Picture an hourglass—not filled with sand, but with jackets, handbags, and boots made from “vegan leather,” “bio-based PU,” or some other rebranded form of plastic.
As time passes, those items fall. And as they do, they crack, peel, and disintegrate—leaving behind nothing but microplastic dust and waste.
This is what happens to limited, low-quality “luxury.” It doesn’t age. It doesn’t endure. It doesn’t get passed down. It doesn’t get repaired. It gets replaced.
And here’s the twist: many of these items are marketed as “sustainable alternatives” – with sleek fonts, recycled hangtags, and lofty promises.

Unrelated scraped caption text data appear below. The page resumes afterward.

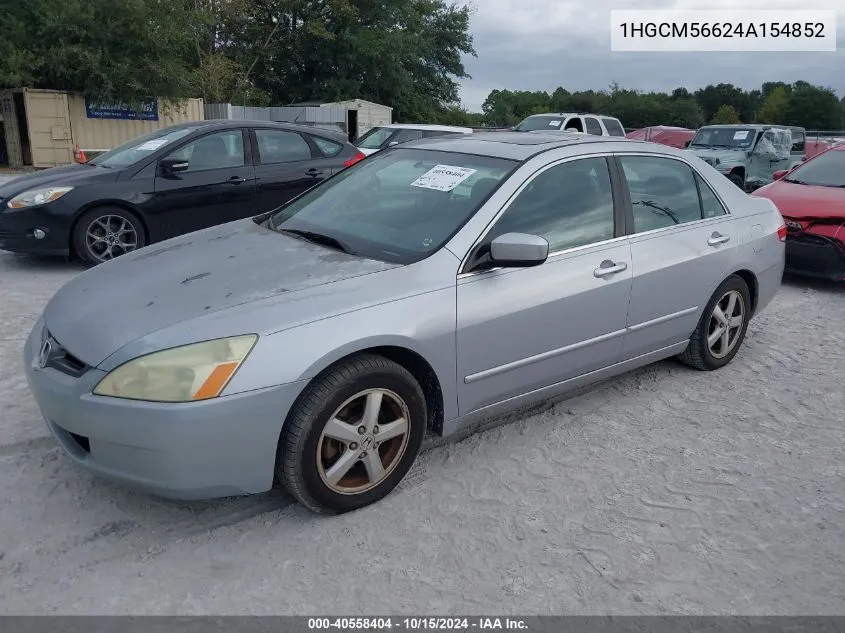 2004 Honda Accord 2.4 Ex VIN: 1HGCM56624A154852 Lot: 40558404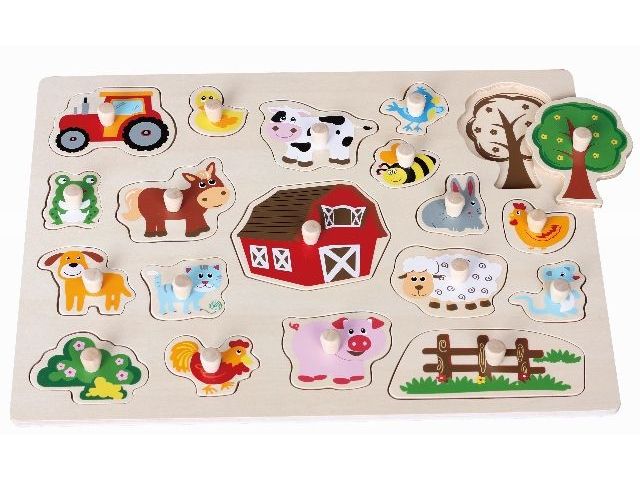Spielba Holzspielwaren Puzzle Tiere gross mit Griffli Holzpuzzle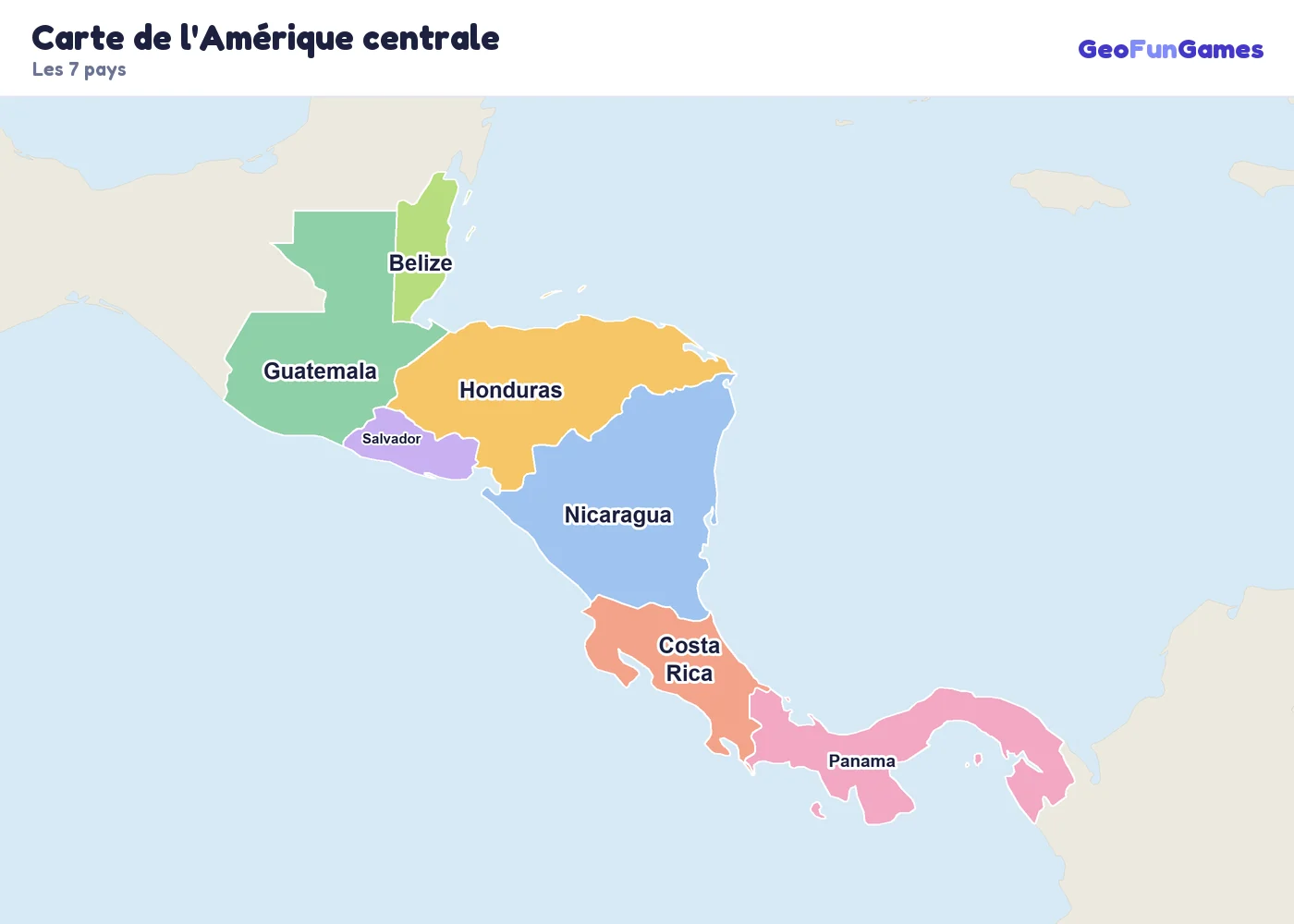 Carte de l'Amérique centrale avec le nom des pays: Belize, Guatemala, Salvador, Honduras, Nicaragua, Costa Rica, Panama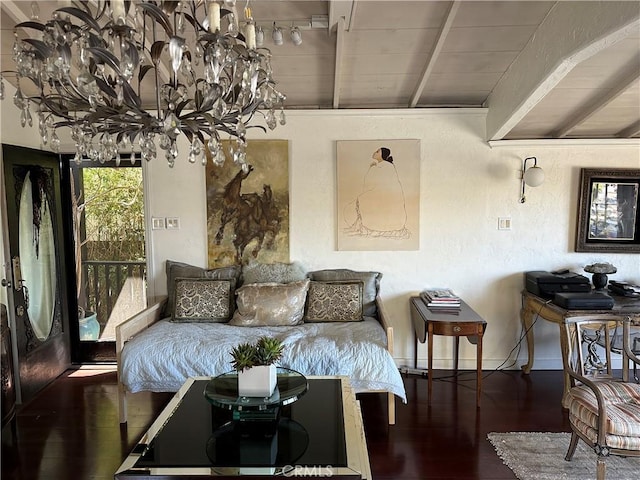 living room featuring dark hardwood / wood-style flooring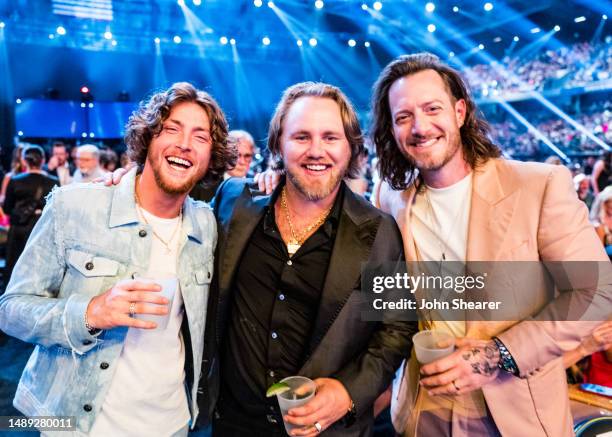 Bailey Zimmerman, Ernest and Tyler Hubbard attend the 58th Academy of Country Music Awards at The Ford Center at The Star on May 11, 2023 in Frisco,...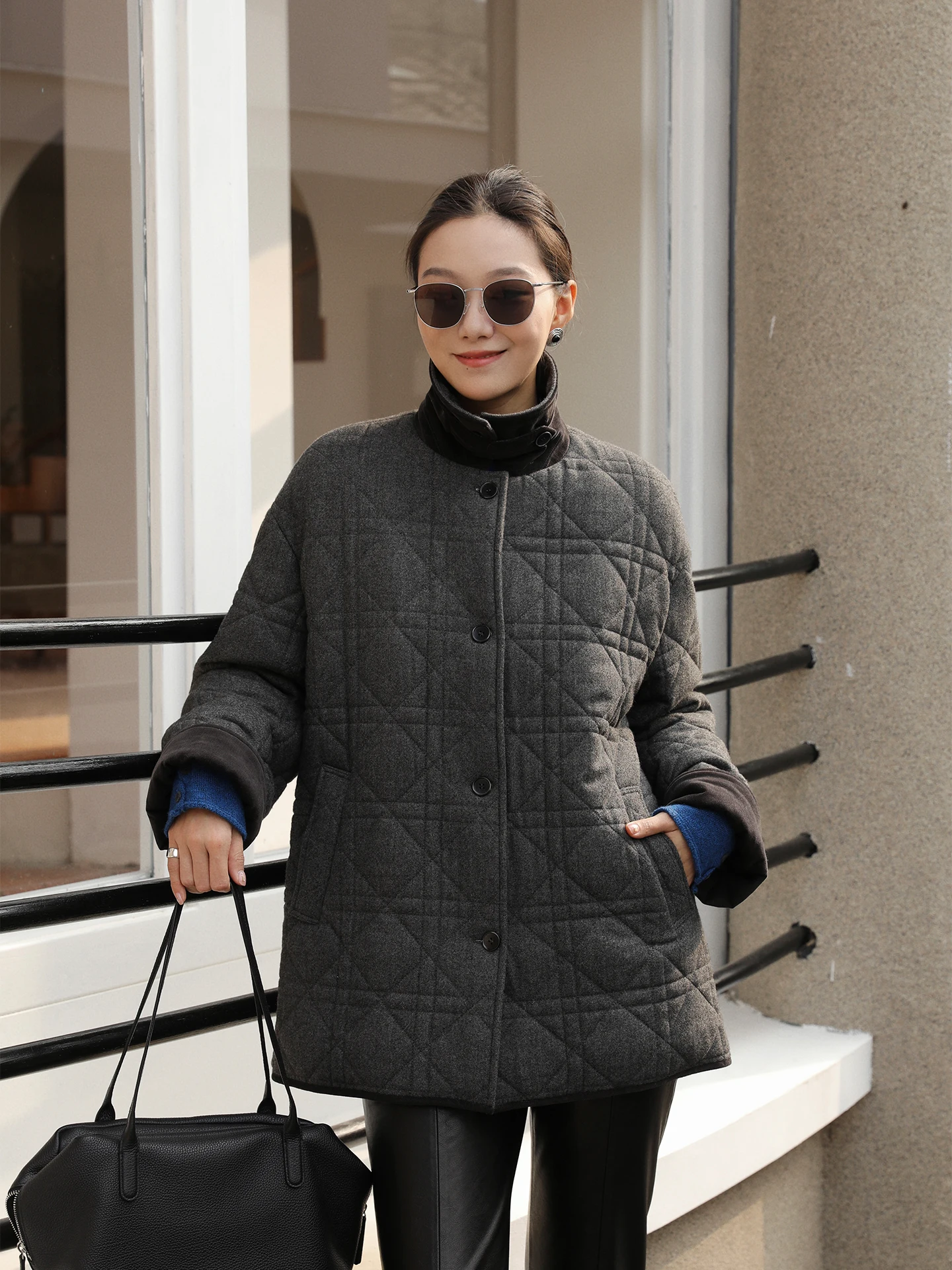 

Retro Color Blo Goose down Jaet Women's Thiened Warm Mid-Length Quilted Coat Winter New Sle Zhouzhou Faion Outerwear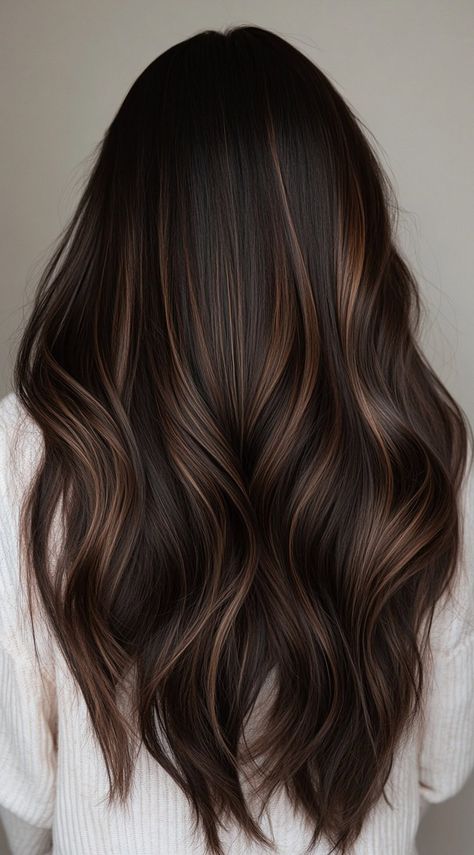 Top 31 Winter Hair Colors for Brunettes: Stylish Ideas to Keep You On-Trend This Season Black Hair With Chestnut Balayage, Balayage Hair Fall 2024, Espresso Balayage Hair, Beige Brown Balayage On Dark Hair, Dark Ash Brown Hair With Lowlights, Dark Brown Hair With Highlights Cool Tone, Dark Brunette With Brown Highlights, Dark Brown Hair For Winter, Tone On Tone Brunette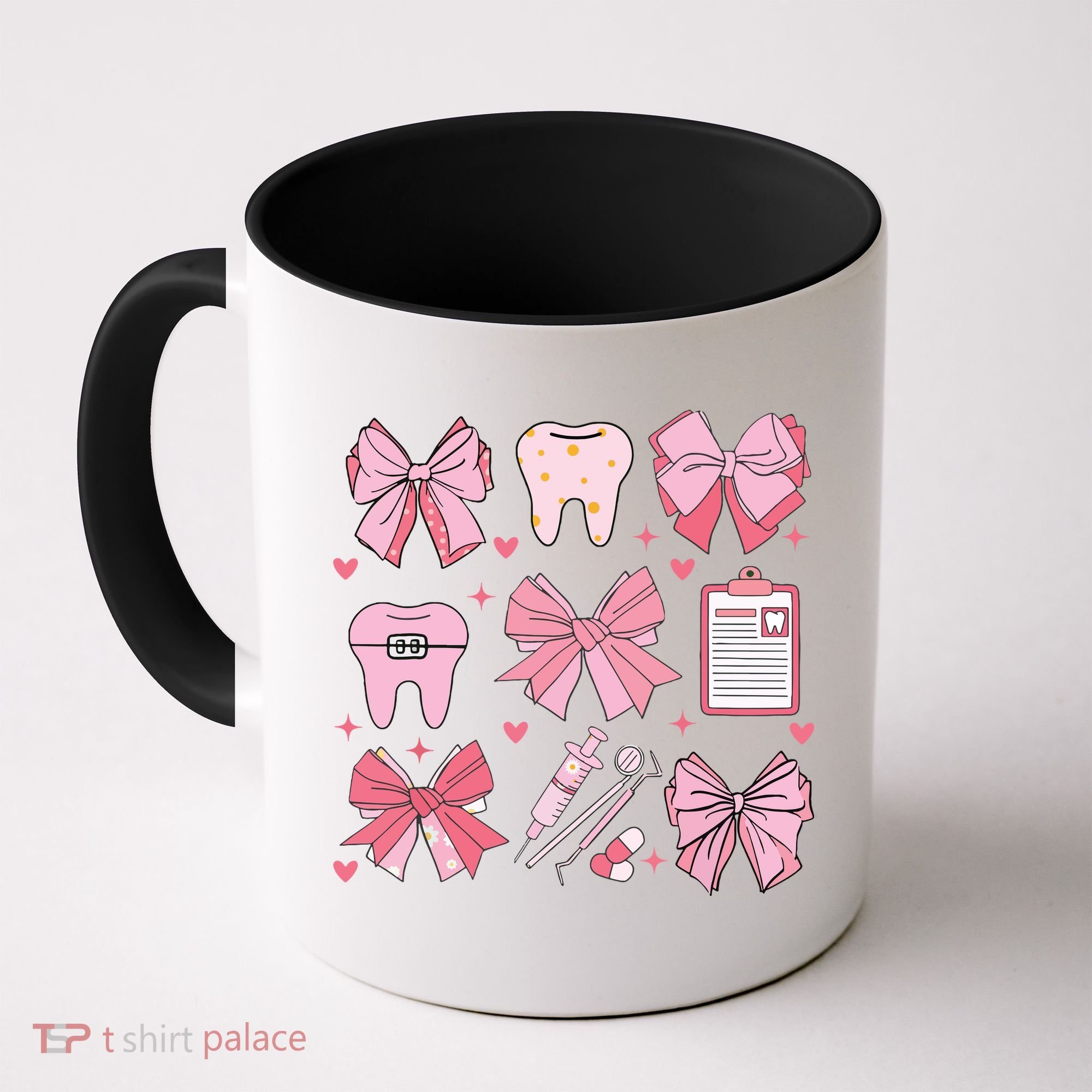 Coquette Bow Cute Teeth Dentist Squad Dental Assistant Coffee Mug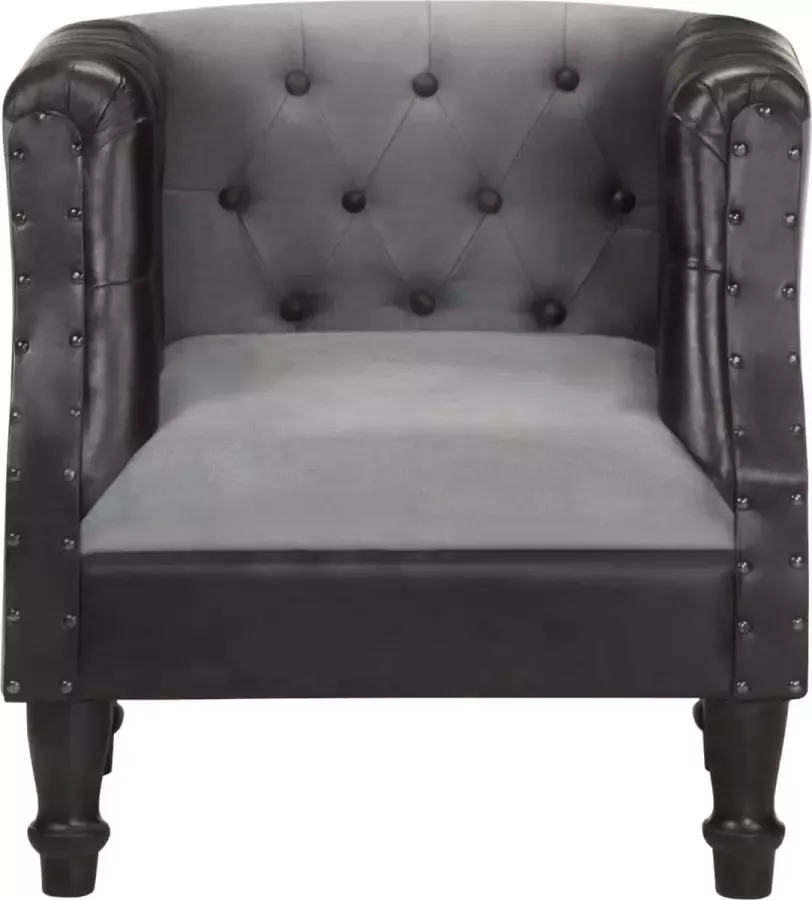 Dolce Vita La Kuipstoel echt leer en massief mangohout zwart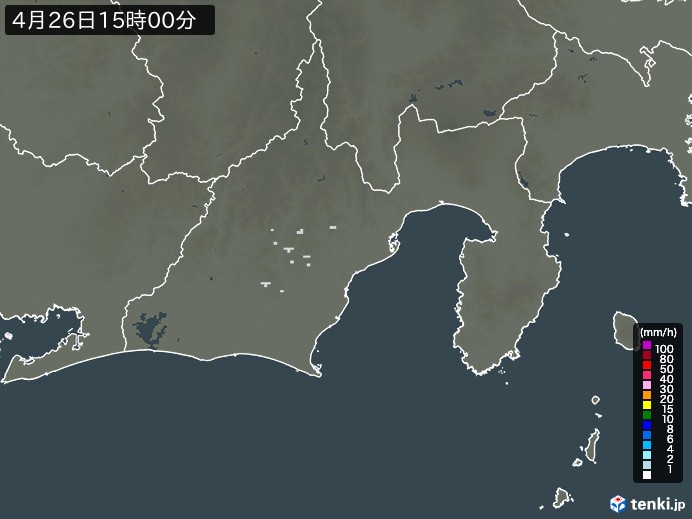 静岡県の雨雲レーダー(2024年04月26日)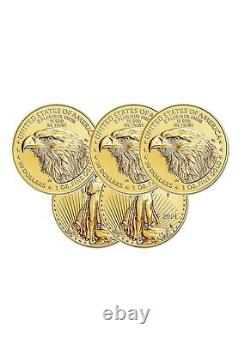 Lot De 5 Pièces D'or 2021 Us 1oz American Eagle 50 $ Gold Eagle Type 2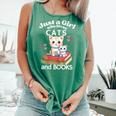 Just A Girl That Loves Cats And Books Cute Cat & Bookwork Comfort Colors Tank Top Violet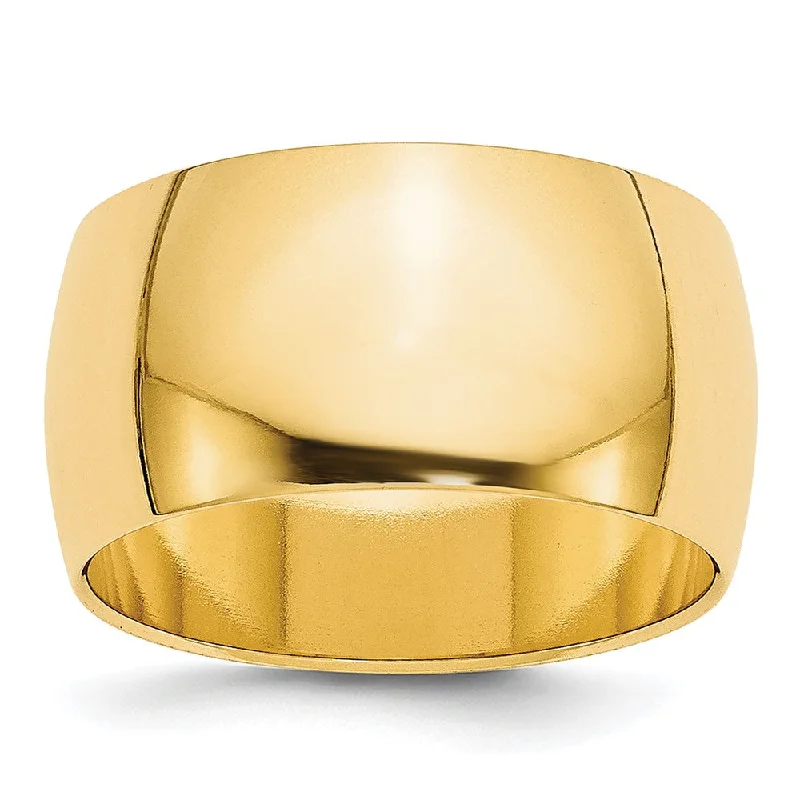 Men's animal - print rings with leopard or snake patterns14k Yellow Gold 10mm Half-Round Wedding Band Size 4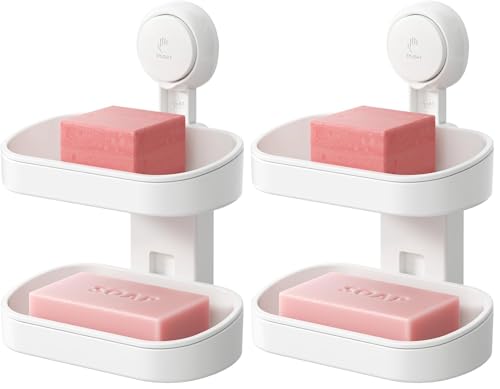 Image of TAILI Double Layer Soap Dish Suction Cup Soap Holder, Strong Sponge Holder for Shower, Bathroom, Tub and Kitchen Sink, Drill-Free, Removable (Pack of 2)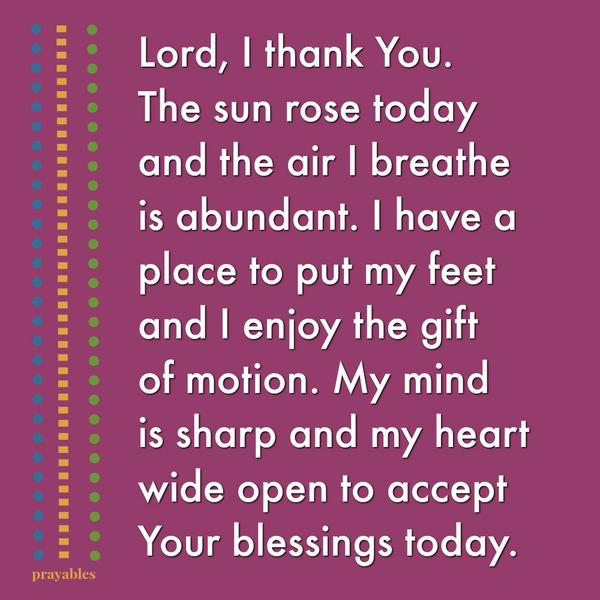 Lord, I thank You. The sun rose today and the air I breathe is abundant. I have a place to put my feet and I enjoy the gift of motion. My mind is sharp and my heart wide open to accept Your blessings today.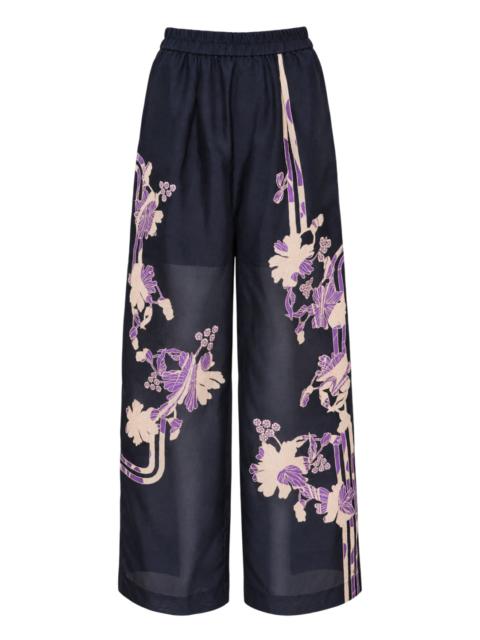 BIYAN Floral Organza Silk Wide-Leg Pants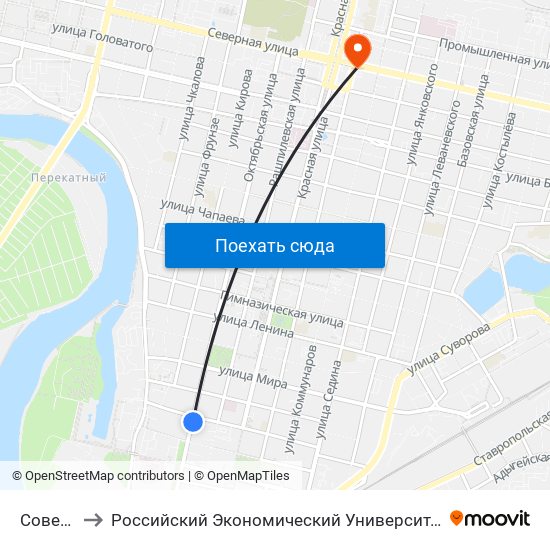 Советская to Российский Экономический Университет Им. Г.В. Плеханова map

But peel back the label, and what you’re left with is a disposable product made from petroleum that can’t be recycled, composted, or even meaningfully reused.
We’ve confused “conscious consumerism” with clever marketing.
True sustainability doesn’t come from faster trends or cheaper materials. It comes from designing for the long haul. From using what already exists. From making less, and making it last.
A real leather jacket can last 20, 30, even 50 years. A fake one? Maybe two seasons, if you’re lucky – and then it starts flaking like pastry.
So if you’re going to spend your money on anything, fashion or otherwise, ask yourself: Does this last beyond the moment?
Or will it crumble and pass quickly like the sands of time?